- Lodhipur Location in Uttar Pradesh, India
- Coordinates: 27°12′40″N 79°15′39″E﻿ / ﻿27.21101°N 79.26076°E
- Country: India
- State: Uttar Pradesh
- District: Mainpuri
- Tehsil: Bhongaon

Area
- • Total: 0.494 km^{2} (0.191 sq mi)

Population (2011)
- • Total: 594
- • Density: 1,200/km^{2} (3,110/sq mi)
- Time zone: UTC+5:30 (IST)

= Lodhipur, Bewar =

Village in Uttar Pradesh, India

Lodhipur is a village in Bewar block of Mainpuri district, Uttar Pradesh, India. As of 2011, it had a population of 594, in 90 households.

== Demographics ==
As of 2011, Lodhipur had a population of 594, in 90 households. This population was 53.4% male (317) and 46.6% female (277). The 0-6 age group numbered 97 (47 male and 50 female), or 16.3% of the total population. 299 residents were members of Scheduled Castes, or 50.3% of the total.

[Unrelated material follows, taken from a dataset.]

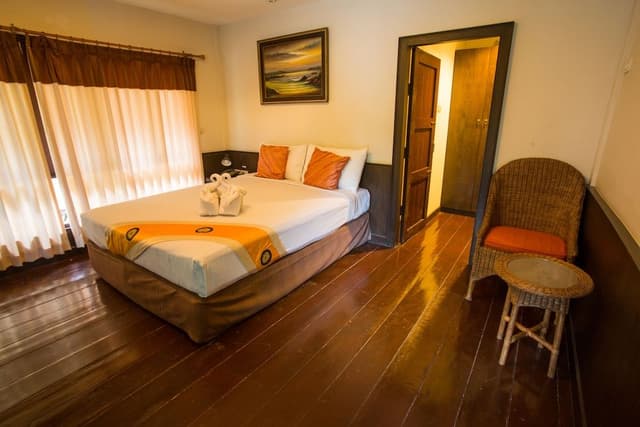 Cottage Double Bed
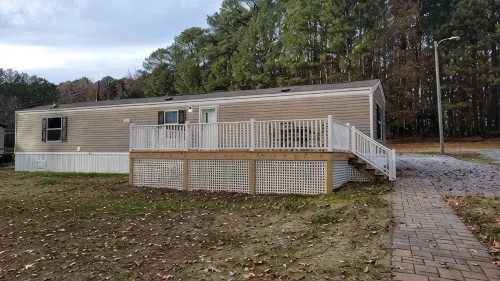 Waterfront mobile home on beautiful Lake Gaston with private pier access. - 3-Star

The 1981 census recorded Lodhipur as having a population of 343 people, in 49 households.

The 1961 census recorded Lodhipur as comprising 1 hamlets, with a total population of 218 people (116 male and 102 female), in 38 households and 24 physical houses. The area of the village was given as 124 acres.

== Infrastructure ==
As of 2011, Lodhipur had 1 primary school; it did not have any healthcare facilities. Drinking water was provided by hand pump and tube well/borehole; there were no public toilets. The village had a post office but no public library; there was at least some access to electricity for all purposes. Streets were made of both kachcha and pakka materials.